The normal path has a check for RTM and upgrades the lock
to RTM when available. Trylocks cannot automatically upgrade,
so they check for elision every time.
We use a 4 byte value in the mutex to store the lock
elision adaptation state. This is separate from the adaptive
spin state and uses a separate field.
Condition variables currently do not support elision.
Recursive mutexes and condition variables may be supported at some point,
but are not in the current implementation. Also "trylock" will
not automatically enable elision unless some other lock call
has been already called on the lock.
This version does not use IFUNC, so it means every lock has one
additional check for elision. Benchmarking showed the overhead
to be negligible.
Andi Kleen [Fri, 28 Jun 2013 12:19:37 +0000 (05:19 -0700)]
Add minimal test suite changes for elision enabled kernels
tst-mutex5 and 8 test some behaviour not required by POSIX,
that elision changes. This changes these tests to not check
this when elision is enabled at configure time.
Andi Kleen [Sat, 10 Nov 2012 08:51:26 +0000 (00:51 -0800)]
Add the low level infrastructure for pthreads lock elision with TSX
Lock elision using TSX is a technique to optimize lock scaling
It allows to run locks in parallel using hardware support for
a transactional execution mode in 4th generation Intel Core CPUs.
See http://www.intel.com/software/tsx for more Information.
This patch implements a simple adaptive lock elision algorithm based
on RTM. It enables elision for the pthread mutexes and rwlocks.
The algorithm keeps track whether a mutex successfully elides or not,
and stops eliding for some time when it is not.
When the CPU supports RTM the elision path is automatically tried,
otherwise any elision is disabled.
The adaptation algorithm and its tuning is currently preliminary.
The code adds some checks to the lock fast paths. Micro-benchmarks
show little to no difference without RTM.
This patch implements the low level "lll_" code for lock elision.
Followon patches hook this into the pthread implementation
Changes with the RTM mutexes:
-----------------------------
Lock elision in pthreads is generally compatible with existing programs.
There are some obscure exceptions, which are expected to be uncommon.
See the manual for more details.
- A broken program that unlocks a free lock will crash.
There are ways around this with some tradeoffs (more code in hot paths)
I'm still undecided on what approach to take here; have to wait for testing reports.
- pthread_mutex_destroy of a lock mutex will not return EBUSY but 0.
- There's also a similar situation with trylock outside the mutex,
"knowing" that the mutex must be held due to some other condition.

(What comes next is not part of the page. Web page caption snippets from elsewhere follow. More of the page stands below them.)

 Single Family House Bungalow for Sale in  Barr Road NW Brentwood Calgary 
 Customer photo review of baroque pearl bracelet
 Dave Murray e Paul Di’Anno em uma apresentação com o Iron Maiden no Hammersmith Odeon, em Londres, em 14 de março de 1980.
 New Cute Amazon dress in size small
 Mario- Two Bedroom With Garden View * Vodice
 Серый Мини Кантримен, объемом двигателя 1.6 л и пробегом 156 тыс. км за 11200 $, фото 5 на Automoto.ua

In this case an assert failure cannot be recovered. This situation is
usually an existing bug in the program.
- Same applies to the rwlocks. Some of the return values changes
(for example there is no EDEADLK for an elided lock, unless it aborts.

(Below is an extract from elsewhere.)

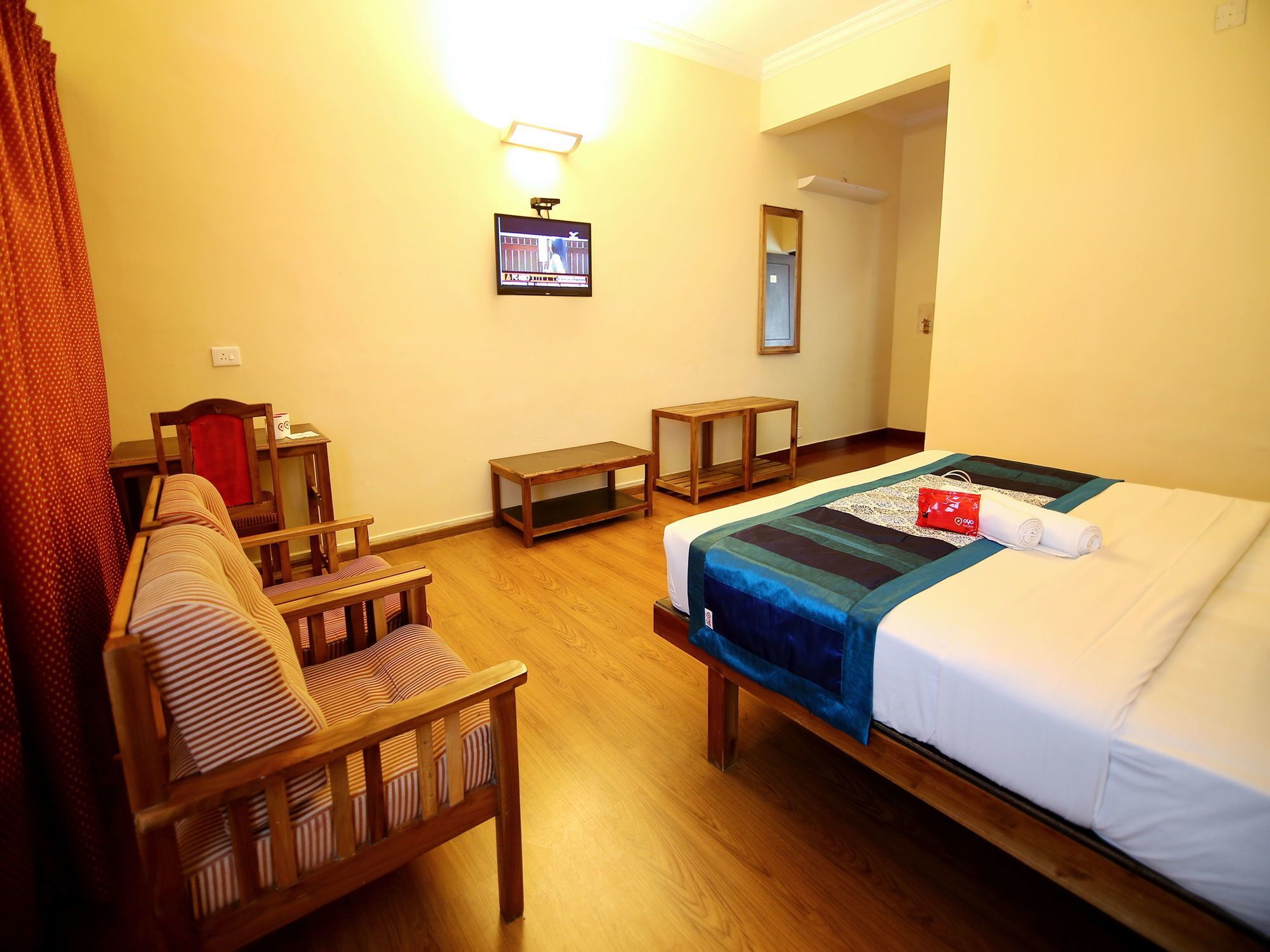 Oyo 2887 Hotel Sn International Kumily Exterior foto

However when elided it will also never deadlock of course)
- Timing changes, so broken programs that make assumptions about specific timing
may expose already existing latent problems. Note that these broken programs will
break in other situations too (loaded system, new faster hardware, compiler
optimizations etc.)
- Programs with non recursive mutexes that take them recursively in a thread and
which would always deadlock without elision may not always see a deadlock.
The deadlock will only happen on an early or delayed abort (which typically
happens at some point)
This only happens for mutexes not explicitely set to PTHREAD_MUTEX_NORMAL
or PTHREAD_MUTEX_ADAPTIVE_NP. PTHREAD_MUTEX_NORMAL mutexes do not elide.
The elision default can be set at configure time.
This patch implements the basic infrastructure for elision.